Harboring such negativity had troubling effects on my life to a point where I had no choice but to deal with this inner voice that kept me down. I tackled the problem by paying attention to the unreasonable thoughts, and shooting down un-truths and habits right off the bat. If there was truth to any of the thoughts, I reframed it in a more constructive way that I could take into account or learn from without the harshness of making myself feel unnecessarily lousy.
So basically, I learned to be nice to myself and other people. I urge you to do the same if you find that you're beating yourself up. Here's what judgment is doing to you:
You're holding yourself back. Advancing in life, taking chances and making change requires support. At times it can be difficult to get sufficient support from others, so if you're not even on your side, then it becomes nearly impossible to move forward in career, relationships and life overall.

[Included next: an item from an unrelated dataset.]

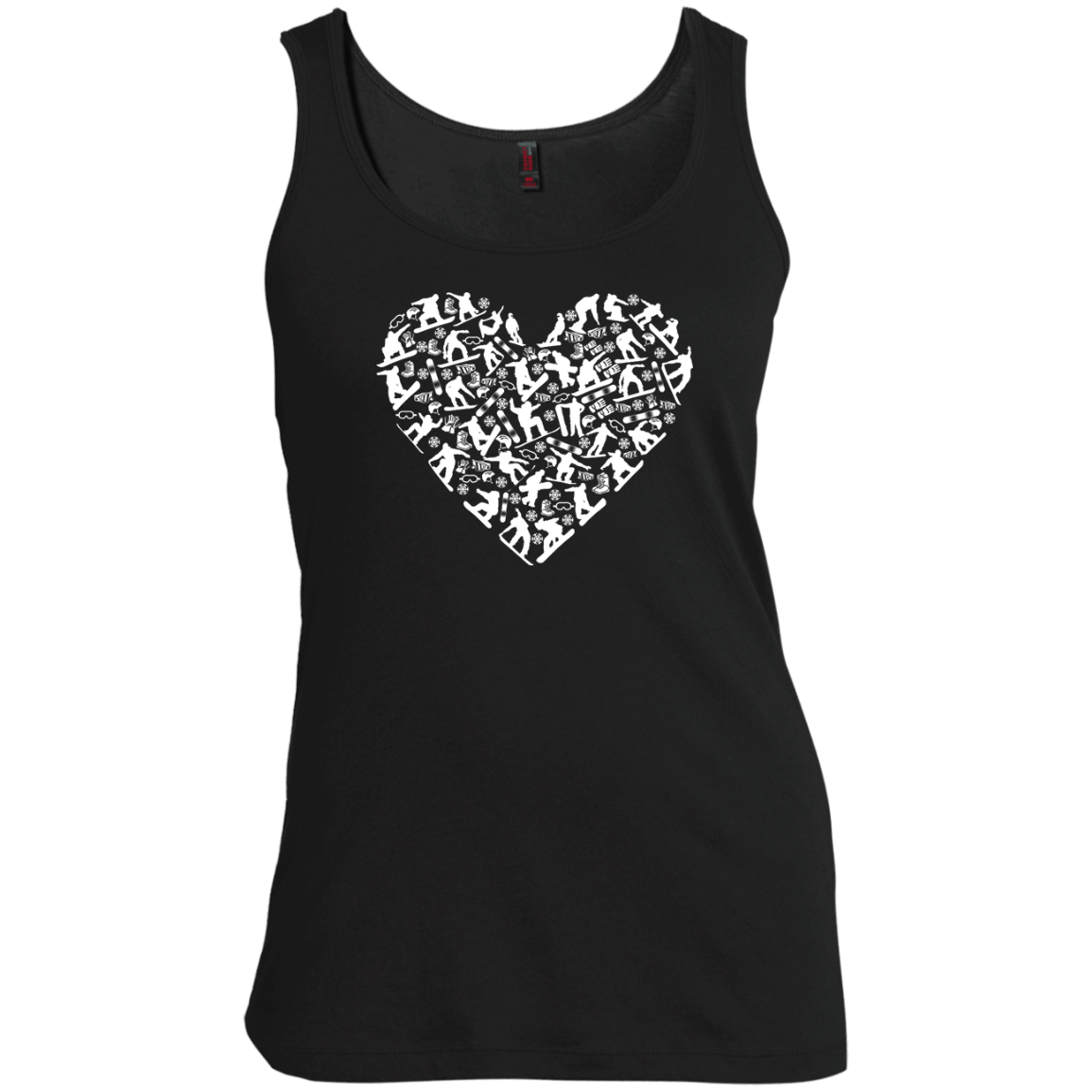 Snowboard Heart Tank Tops - Powderaddicts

You're carrying emotional baggage. Baggage is heavy - leave it behind. Much like the first reason, unresolved feelings can get you stuck and unable to move forward. It's never too late to acknowledge unsettled problems no matter how long the issue has been bothering you. You owe it to yourself to clear out the nasty feelings that weigh you down.

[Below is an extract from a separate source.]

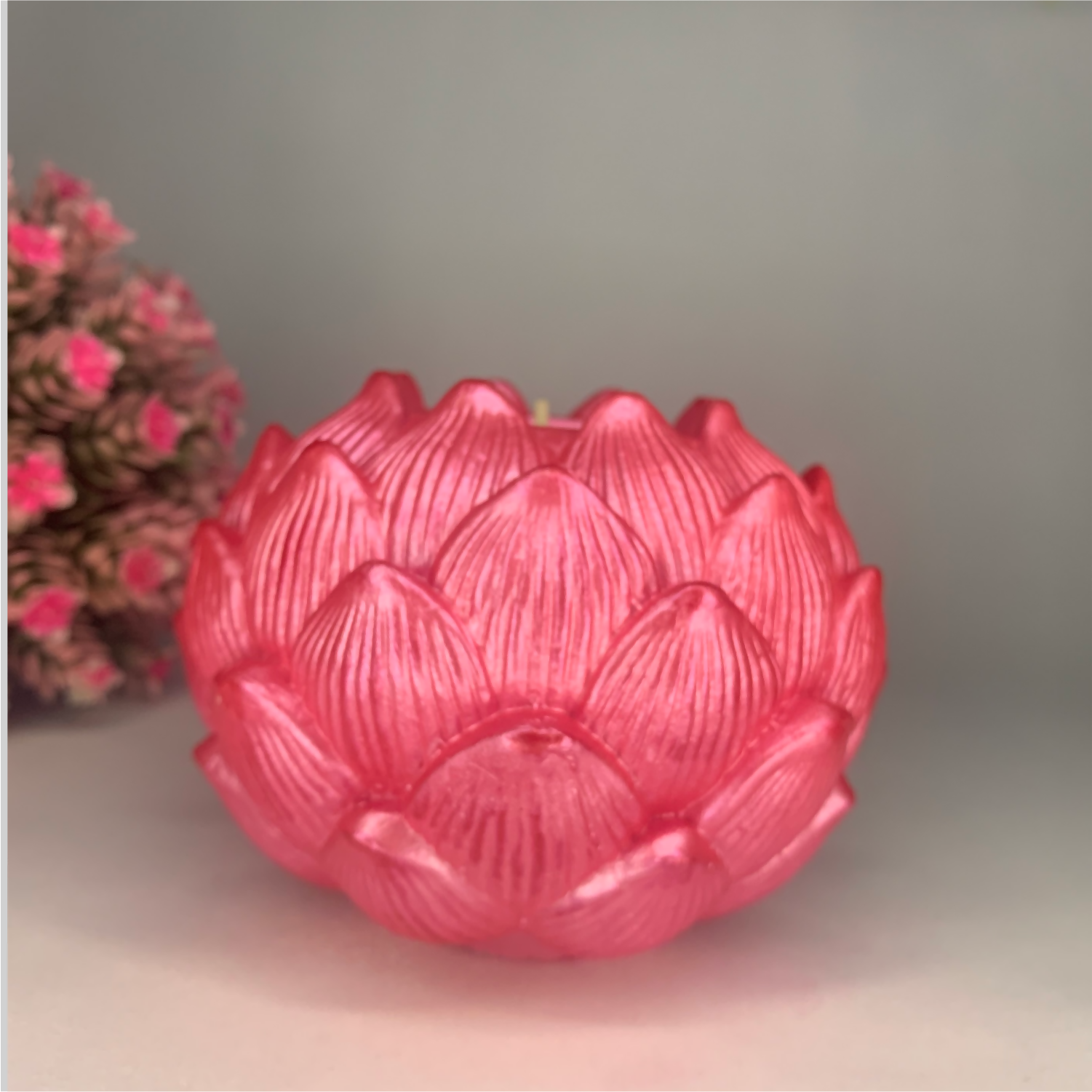 Handmade Diya-Style Big Kamal Diya – Metallic Pink | Elegant Home & Festive Decor Tealight Holder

You're harming your relationships. To put it simply, it's hard to feel safe and comfortable when judgments are present. People will find it difficult to open up if you're known to be judgmental. If you're speaking negatively about people directly to them or behind their backs, you're at greater risk of damaging relationships. The best way to resolve this is to determine your motivation for voicing your opinions. Does it come from a place of good or 'not nice'? Always come from a place of good!
Your insecurities are showing. When you criticize others, you're really saying more about yourself. Insecurities show up in many different ways. Cattiness, anger, gossip and superficiality are some examples of what's behind judgmental outlooks. The most confident people show understanding, support and positive actions to everyone that crosses their path. Show your confidence!
Those are just some of the many reasons we hide behind judgment. And, we all do it- we all judge. However, the work you put into minimizing that voice will pay off in happiness and a more positive outlook that can further benefit you with more success, better relationships and more. It takes commitment, awareness and work to build up a new habit of being nice to yourself and others. Remember these three things: be aware of the criticisms you think or say, find out the root of where that comes from, and resolve it by dismissing false/mean judgments or reframing true observations into more helpful thoughts or mantras.